(TASK INPUTS)

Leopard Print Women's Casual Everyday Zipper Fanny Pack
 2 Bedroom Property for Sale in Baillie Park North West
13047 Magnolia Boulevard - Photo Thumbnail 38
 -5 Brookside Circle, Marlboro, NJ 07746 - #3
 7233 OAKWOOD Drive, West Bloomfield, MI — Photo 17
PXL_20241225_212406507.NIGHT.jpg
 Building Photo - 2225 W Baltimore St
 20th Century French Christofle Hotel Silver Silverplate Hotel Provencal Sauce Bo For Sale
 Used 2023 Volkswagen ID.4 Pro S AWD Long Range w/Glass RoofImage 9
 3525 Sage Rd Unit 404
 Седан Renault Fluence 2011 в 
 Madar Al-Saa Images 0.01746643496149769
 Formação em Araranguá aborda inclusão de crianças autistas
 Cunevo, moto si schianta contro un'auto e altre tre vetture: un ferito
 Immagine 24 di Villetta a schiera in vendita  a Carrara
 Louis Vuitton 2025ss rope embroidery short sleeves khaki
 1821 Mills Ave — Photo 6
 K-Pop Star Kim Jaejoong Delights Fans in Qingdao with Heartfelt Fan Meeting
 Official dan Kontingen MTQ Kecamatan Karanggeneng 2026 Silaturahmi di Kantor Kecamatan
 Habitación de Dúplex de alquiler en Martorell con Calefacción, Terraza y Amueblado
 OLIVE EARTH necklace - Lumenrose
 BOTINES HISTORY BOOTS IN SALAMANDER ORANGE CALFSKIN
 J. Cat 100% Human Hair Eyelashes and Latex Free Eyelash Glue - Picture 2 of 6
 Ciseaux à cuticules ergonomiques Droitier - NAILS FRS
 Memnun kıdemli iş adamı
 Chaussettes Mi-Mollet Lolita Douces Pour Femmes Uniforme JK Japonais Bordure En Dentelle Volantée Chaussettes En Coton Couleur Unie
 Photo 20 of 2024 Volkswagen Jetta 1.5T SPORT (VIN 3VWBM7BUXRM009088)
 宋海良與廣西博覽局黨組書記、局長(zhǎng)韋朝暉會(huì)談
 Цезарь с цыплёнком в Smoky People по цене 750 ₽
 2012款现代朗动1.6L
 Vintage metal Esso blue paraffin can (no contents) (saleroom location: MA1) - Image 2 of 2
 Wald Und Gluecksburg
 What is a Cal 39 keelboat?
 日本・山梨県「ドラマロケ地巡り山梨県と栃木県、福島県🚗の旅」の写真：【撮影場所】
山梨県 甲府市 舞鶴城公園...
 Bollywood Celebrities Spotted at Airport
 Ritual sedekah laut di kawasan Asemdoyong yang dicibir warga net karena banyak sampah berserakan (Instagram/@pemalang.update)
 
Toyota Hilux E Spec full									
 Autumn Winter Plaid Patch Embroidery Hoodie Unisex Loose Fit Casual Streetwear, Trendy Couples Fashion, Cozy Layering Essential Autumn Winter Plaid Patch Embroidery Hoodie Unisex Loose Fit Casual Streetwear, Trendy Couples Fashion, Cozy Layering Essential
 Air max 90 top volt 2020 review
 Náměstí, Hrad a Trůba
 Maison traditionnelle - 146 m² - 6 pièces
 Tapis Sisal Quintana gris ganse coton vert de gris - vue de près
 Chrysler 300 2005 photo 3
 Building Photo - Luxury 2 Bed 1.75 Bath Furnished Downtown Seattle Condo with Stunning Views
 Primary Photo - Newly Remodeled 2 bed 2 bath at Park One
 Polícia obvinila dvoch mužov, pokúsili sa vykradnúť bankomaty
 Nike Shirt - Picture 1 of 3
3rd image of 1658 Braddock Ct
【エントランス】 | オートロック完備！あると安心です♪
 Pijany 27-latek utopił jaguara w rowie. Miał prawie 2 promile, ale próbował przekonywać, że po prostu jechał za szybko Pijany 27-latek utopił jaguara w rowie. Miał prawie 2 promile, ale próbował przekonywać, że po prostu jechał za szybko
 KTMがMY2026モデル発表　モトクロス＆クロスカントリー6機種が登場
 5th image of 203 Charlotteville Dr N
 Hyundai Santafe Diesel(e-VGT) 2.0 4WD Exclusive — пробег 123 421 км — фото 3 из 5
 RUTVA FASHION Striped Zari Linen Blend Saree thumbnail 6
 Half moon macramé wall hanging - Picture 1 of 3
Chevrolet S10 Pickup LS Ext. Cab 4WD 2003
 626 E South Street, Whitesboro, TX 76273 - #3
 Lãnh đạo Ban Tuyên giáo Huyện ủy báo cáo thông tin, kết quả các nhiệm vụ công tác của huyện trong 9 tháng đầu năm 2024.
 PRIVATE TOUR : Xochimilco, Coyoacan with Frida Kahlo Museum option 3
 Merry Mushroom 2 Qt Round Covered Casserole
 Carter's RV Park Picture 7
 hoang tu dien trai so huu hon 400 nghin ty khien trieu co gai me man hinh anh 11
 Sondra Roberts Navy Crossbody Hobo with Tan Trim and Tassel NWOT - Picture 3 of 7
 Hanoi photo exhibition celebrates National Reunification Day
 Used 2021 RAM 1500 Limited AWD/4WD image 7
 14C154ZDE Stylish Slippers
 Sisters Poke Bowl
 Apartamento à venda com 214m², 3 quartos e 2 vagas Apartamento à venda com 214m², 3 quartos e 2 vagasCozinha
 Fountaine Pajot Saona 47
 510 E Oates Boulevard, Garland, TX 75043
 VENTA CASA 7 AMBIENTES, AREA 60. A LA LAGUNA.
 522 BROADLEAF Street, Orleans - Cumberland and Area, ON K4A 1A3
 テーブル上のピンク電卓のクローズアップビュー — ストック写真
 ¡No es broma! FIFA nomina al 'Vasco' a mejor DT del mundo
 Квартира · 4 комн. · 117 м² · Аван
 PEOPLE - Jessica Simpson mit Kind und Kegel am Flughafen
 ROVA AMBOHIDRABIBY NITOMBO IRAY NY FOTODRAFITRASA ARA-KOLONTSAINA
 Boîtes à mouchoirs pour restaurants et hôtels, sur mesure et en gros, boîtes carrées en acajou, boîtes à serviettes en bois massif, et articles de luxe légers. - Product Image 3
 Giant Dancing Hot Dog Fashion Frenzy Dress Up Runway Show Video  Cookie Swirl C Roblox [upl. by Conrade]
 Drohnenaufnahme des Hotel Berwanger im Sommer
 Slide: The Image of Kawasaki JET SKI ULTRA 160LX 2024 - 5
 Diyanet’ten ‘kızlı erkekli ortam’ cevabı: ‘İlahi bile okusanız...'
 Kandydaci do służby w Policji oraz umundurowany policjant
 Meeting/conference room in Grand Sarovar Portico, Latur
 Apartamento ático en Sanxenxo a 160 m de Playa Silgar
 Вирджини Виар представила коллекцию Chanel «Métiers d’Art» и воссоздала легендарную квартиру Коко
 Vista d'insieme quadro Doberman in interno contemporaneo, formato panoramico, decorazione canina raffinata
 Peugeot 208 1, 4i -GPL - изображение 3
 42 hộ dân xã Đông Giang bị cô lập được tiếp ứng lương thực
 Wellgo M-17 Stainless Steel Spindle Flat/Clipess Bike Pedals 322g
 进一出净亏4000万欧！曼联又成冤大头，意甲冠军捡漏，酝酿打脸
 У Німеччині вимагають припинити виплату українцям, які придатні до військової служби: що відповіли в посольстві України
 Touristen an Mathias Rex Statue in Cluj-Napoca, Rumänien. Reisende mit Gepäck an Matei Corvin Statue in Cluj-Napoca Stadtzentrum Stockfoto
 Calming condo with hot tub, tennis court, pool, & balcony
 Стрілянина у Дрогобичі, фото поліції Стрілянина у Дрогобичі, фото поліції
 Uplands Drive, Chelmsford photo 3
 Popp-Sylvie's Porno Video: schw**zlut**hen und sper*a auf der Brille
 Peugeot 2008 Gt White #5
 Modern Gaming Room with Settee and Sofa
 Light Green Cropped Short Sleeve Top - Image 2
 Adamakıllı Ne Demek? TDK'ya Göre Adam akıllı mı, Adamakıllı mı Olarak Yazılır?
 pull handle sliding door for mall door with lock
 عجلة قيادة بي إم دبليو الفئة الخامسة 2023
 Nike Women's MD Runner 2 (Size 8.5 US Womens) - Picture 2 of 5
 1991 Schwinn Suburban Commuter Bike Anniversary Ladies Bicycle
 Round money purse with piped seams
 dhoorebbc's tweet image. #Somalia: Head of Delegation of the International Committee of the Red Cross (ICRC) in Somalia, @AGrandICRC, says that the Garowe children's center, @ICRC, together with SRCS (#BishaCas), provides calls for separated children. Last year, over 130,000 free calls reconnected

(End TASK INPUTS)

> [ABOUT THIS TASK]
Return word for word the lines above from the line with "Building Photo - Luxury" to the line with "Half moon macramé", including both and leaving out all others.

> [WRITTEN SOLUTION]
 Building Photo - Luxury 2 Bed 1.75 Bath Furnished Downtown Seattle Condo with Stunning Views
 Primary Photo - Newly Remodeled 2 bed 2 bath at Park One
 Polícia obvinila dvoch mužov, pokúsili sa vykradnúť bankomaty
 Nike Shirt - Picture 1 of 3
3rd image of 1658 Braddock Ct
【エントランス】 | オートロック完備！あると安心です♪
 Pijany 27-latek utopił jaguara w rowie. Miał prawie 2 promile, ale próbował przekonywać, że po prostu jechał za szybko Pijany 27-latek utopił jaguara w rowie. Miał prawie 2 promile, ale próbował przekonywać, że po prostu jechał za szybko
 KTMがMY2026モデル発表　モトクロス＆クロスカントリー6機種が登場
 5th image of 203 Charlotteville Dr N
 Hyundai Santafe Diesel(e-VGT) 2.0 4WD Exclusive — пробег 123 421 км — фото 3 из 5
 RUTVA FASHION Striped Zari Linen Blend Saree thumbnail 6
 Half moon macramé wall hanging - Picture 1 of 3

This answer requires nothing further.